# Dying LED no sound



## Dali (Jan 1, 2020)

I'm confused.

I just built my first pedal of the year, a Kaleidoscope and it worked perfectly unboxed for the 5 minutes I tried it. I boxed it after diner and saw that my blue 3mm LED was a bit pale. I set the pedal to OFF and plug the guitar. Bypassed I hear the guitar but when engaged/ON, there's no sound at all and the LED doesn't lit anymore at all.

What could be wrong?


----------



## Robert (Jan 1, 2020)

Something made contact somewhere it shouldn't.

Got a DMM?  

Measure the DC voltage across the two lugs of the DC jack, then check the voltage on Pin 8 (to ground) of either of the TL072's.


----------



## Dali (Jan 1, 2020)

I have a multimeter but I still don't know how to use it.

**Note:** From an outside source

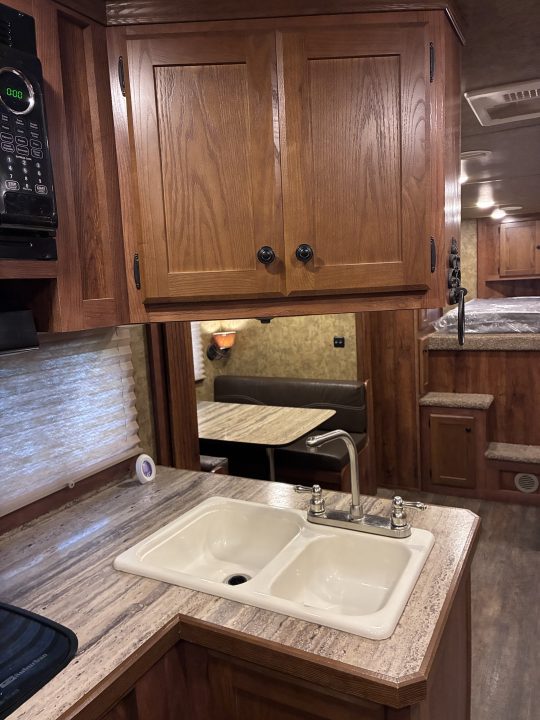 Used 2016 Lakota 4H 15'LQ with Rear Kitchen Horse Trailer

I unboxed it and works again.

I think I found the culprit, it's a B10K that has no plastic cover like most Tayda ones. It probably was touching the board where the arrow is pointing:


----------



## Robert (Jan 1, 2020)

That'll do it.   Outside of the box the metal case of the pot is floating so it doesn't cause a problem... Once you install it in the enclosure it's a dead short to ground.

Take one off one of the other pots, they're removable.


----------



## Chuck D. Bones (Jan 4, 2020)

Jovi recommends spacing the pots up off the board, see the Basic Workflow Tips.  Make sure the leads are trimmed short on the solder side.  You didn't actually use a dual pot like the picture shows, right?


----------



## Dali (Jan 4, 2020)

Chuck D. Bones said:


> You didn't actually use a dual pot like the picture shows, right?



I did but cut the "closer to the pot" pins first.

I bought 5 of them by accident on my last Tayda order. Yeah, I suck.


----------



## Robert (Jan 4, 2020)

Ahh yeah, I remember you mentioning the dual pot mishap now....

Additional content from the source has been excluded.